Problem details:
Reproduce every line of the material below, but drop the pictures.

Dataset section:
------------------------------------

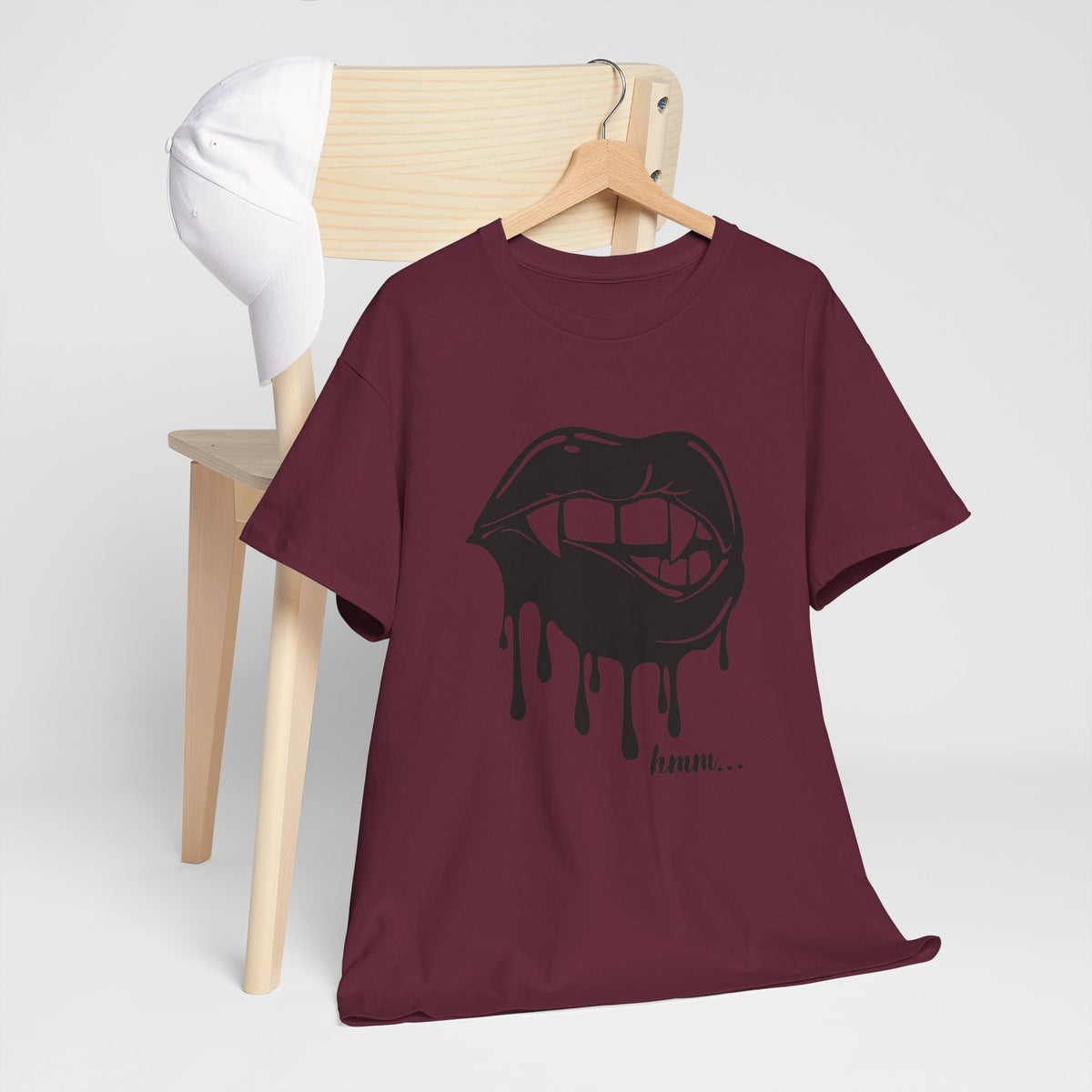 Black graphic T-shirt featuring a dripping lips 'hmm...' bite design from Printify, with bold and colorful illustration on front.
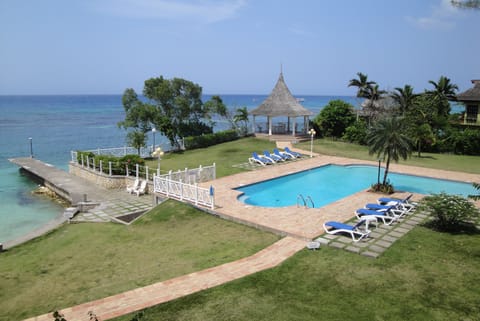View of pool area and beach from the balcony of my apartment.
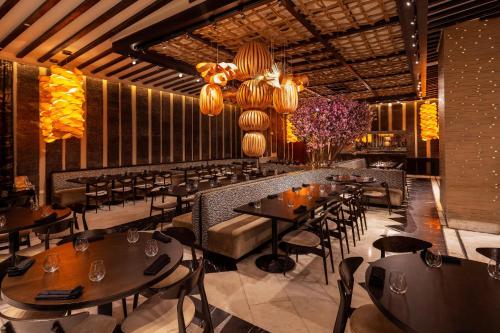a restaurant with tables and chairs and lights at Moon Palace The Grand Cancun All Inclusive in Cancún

------------------------------------

Solution:
 Black graphic T-shirt featuring a dripping lips 'hmm...' bite design from Printify, with bold and colorful illustration on front.
View of pool area and beach from the balcony of my apartment.
a restaurant with tables and chairs and lights at Moon Palace The Grand Cancun All Inclusive in Cancún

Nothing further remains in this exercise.